§ Work request: Leave out the images and return all the data word for word.

§ Data extract:

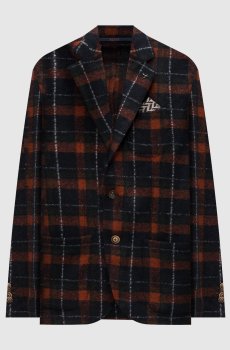 Пиджак с шерстью в клетку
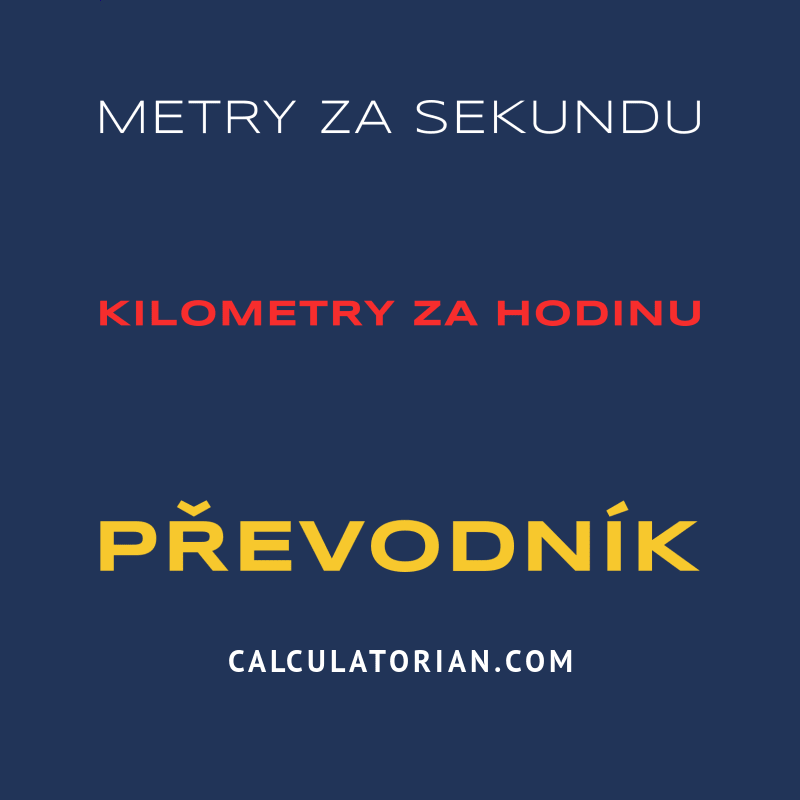 Jak Zamienić Metry Na Sekundę Na Kilometry Na Godzinę Převést Z Metry Za Sekundu Na Kilometry Za Hodinu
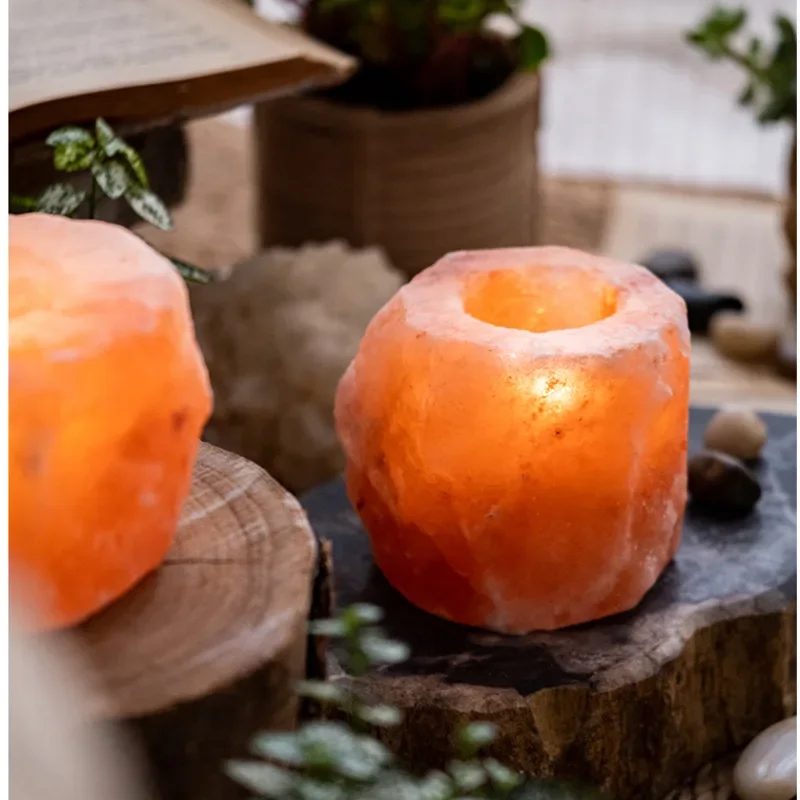 Nordic Candle Stand Natural Rose Mineral Salt Incense Holder Romantic Dinner Candlelight Lamp Versatile Scene Decorative Gifts
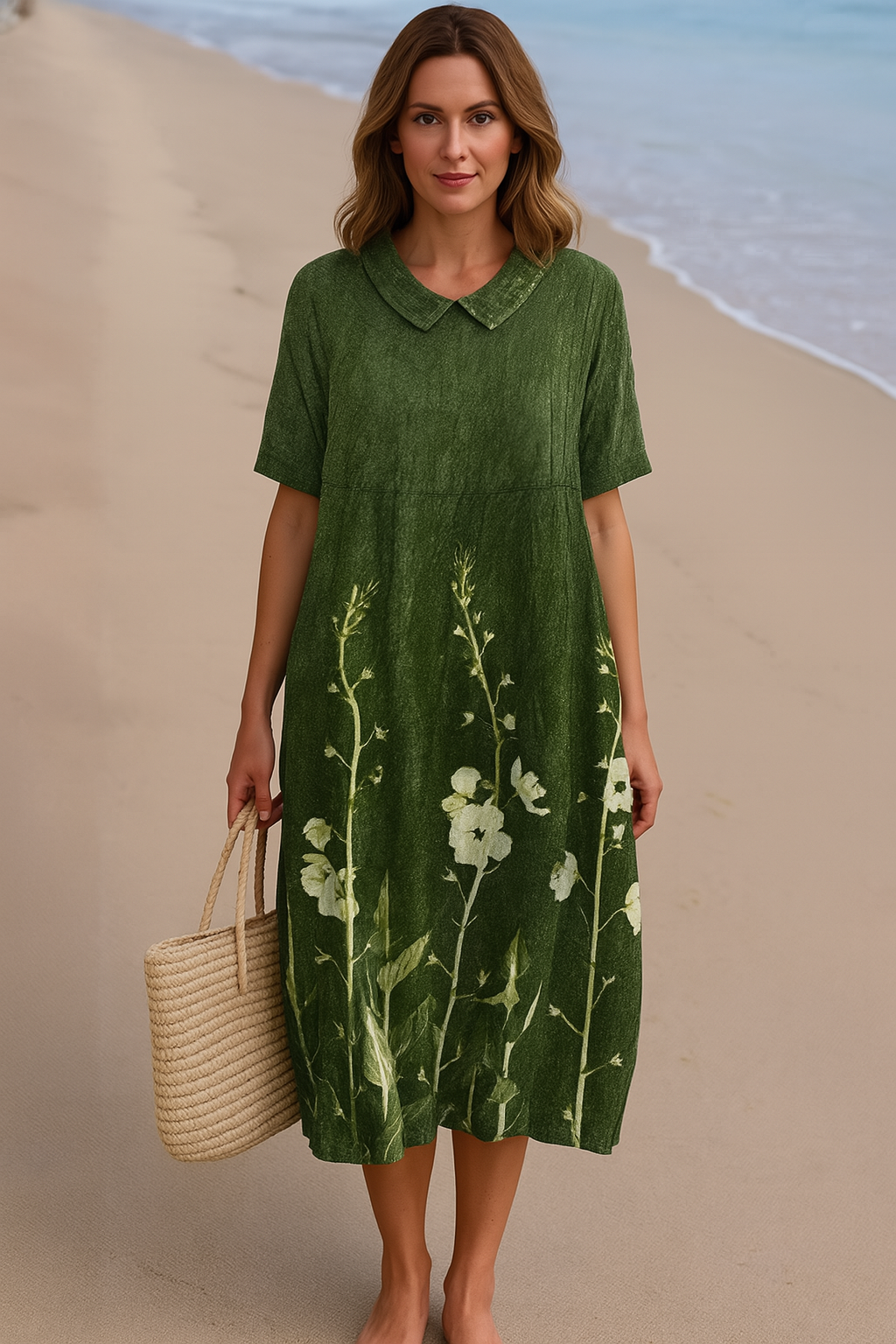Lorena™ | Komfortabel Hawaiiklänning med Blommor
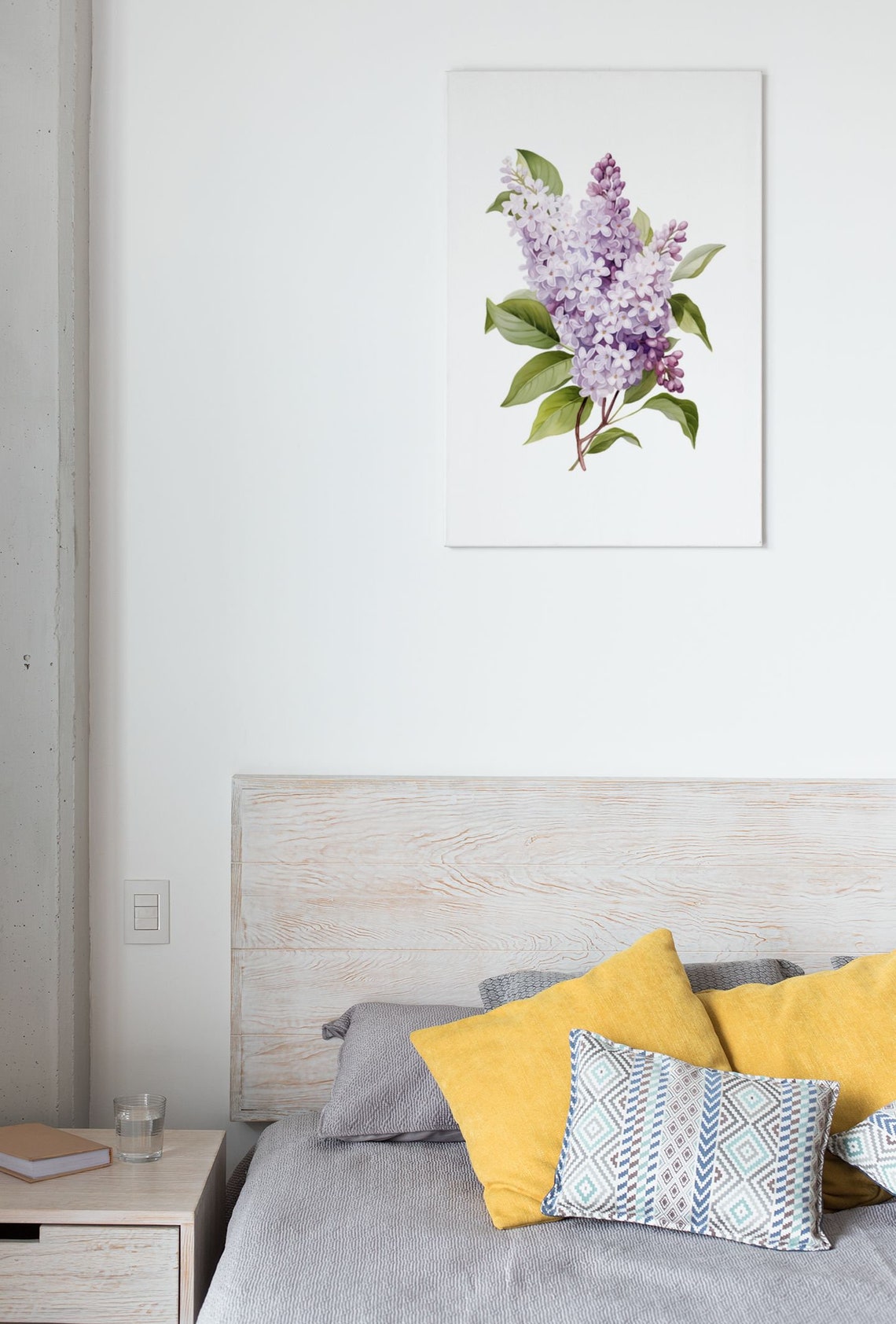 Mauve Lilac Budding Clusters Watercolour Botanical Flower Poster - Image 8
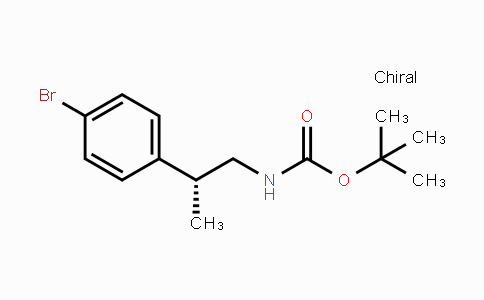CAS No. 211315-53-6, (R)-tert-Butyl (2-(4-bromophenyl)propyl)carbamate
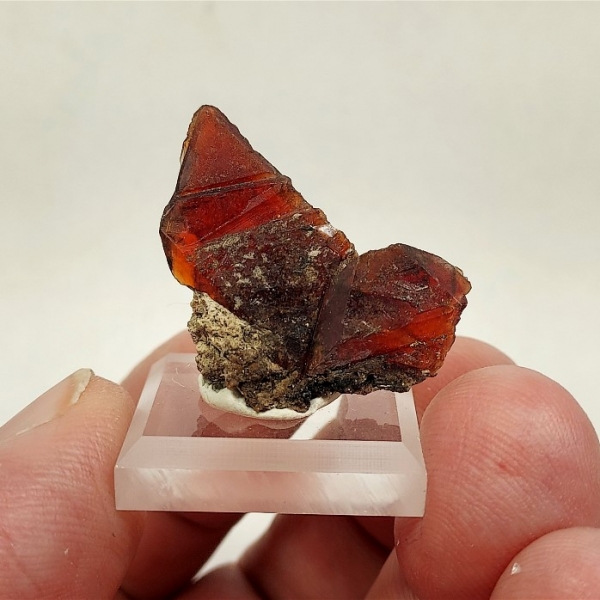Rhodochrosite, Poudrette Quarry, Mont SaintHilaire, Québec, Canada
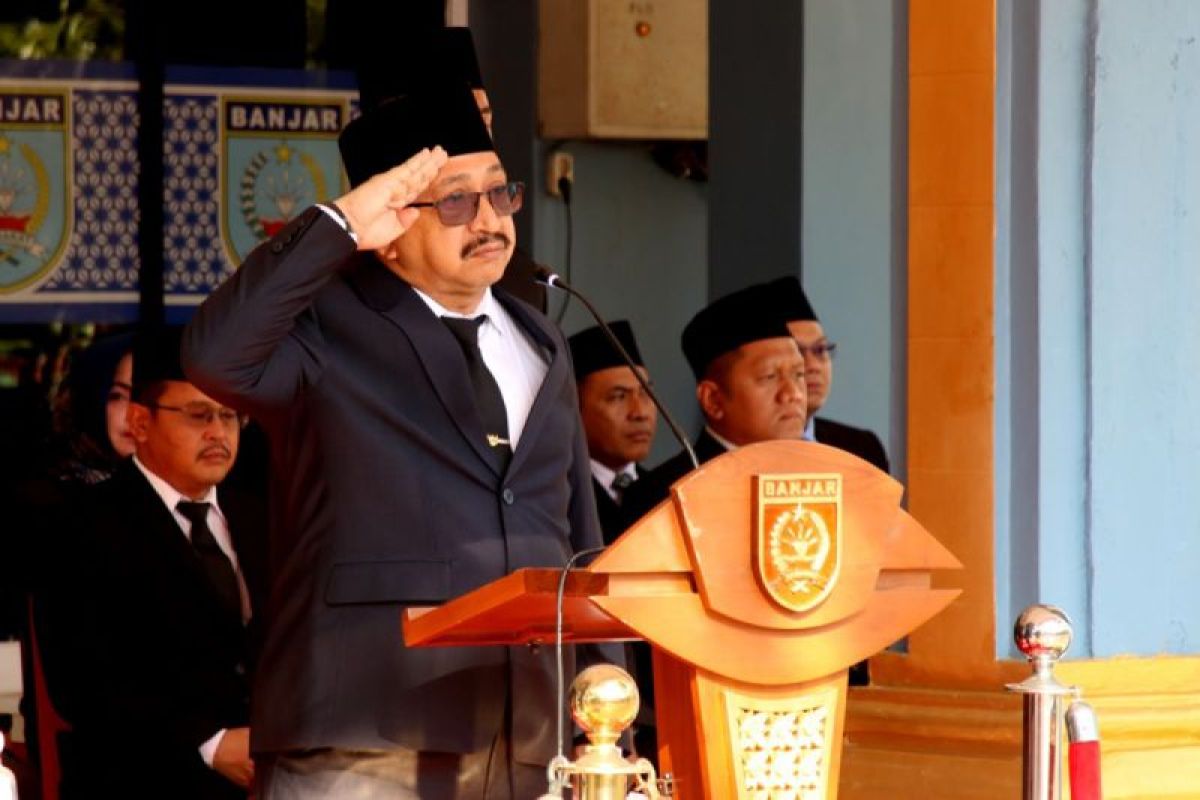 Wabup Banjar Said Idrus inspektur upacara Hari Kesaktian Pancasila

§ Expected output:
 Пиджак с шерстью в клетку
 Jak Zamienić Metry Na Sekundę Na Kilometry Na Godzinę Převést Z Metry Za Sekundu Na Kilometry Za Hodinu
 Nordic Candle Stand Natural Rose Mineral Salt Incense Holder Romantic Dinner Candlelight Lamp Versatile Scene Decorative Gifts
Lorena™ | Komfortabel Hawaiiklänning med Blommor
 Mauve Lilac Budding Clusters Watercolour Botanical Flower Poster - Image 8
CAS No. 211315-53-6, (R)-tert-Butyl (2-(4-bromophenyl)propyl)carbamate
Rhodochrosite, Poudrette Quarry, Mont SaintHilaire, Québec, Canada
 Wabup Banjar Said Idrus inspektur upacara Hari Kesaktian Pancasila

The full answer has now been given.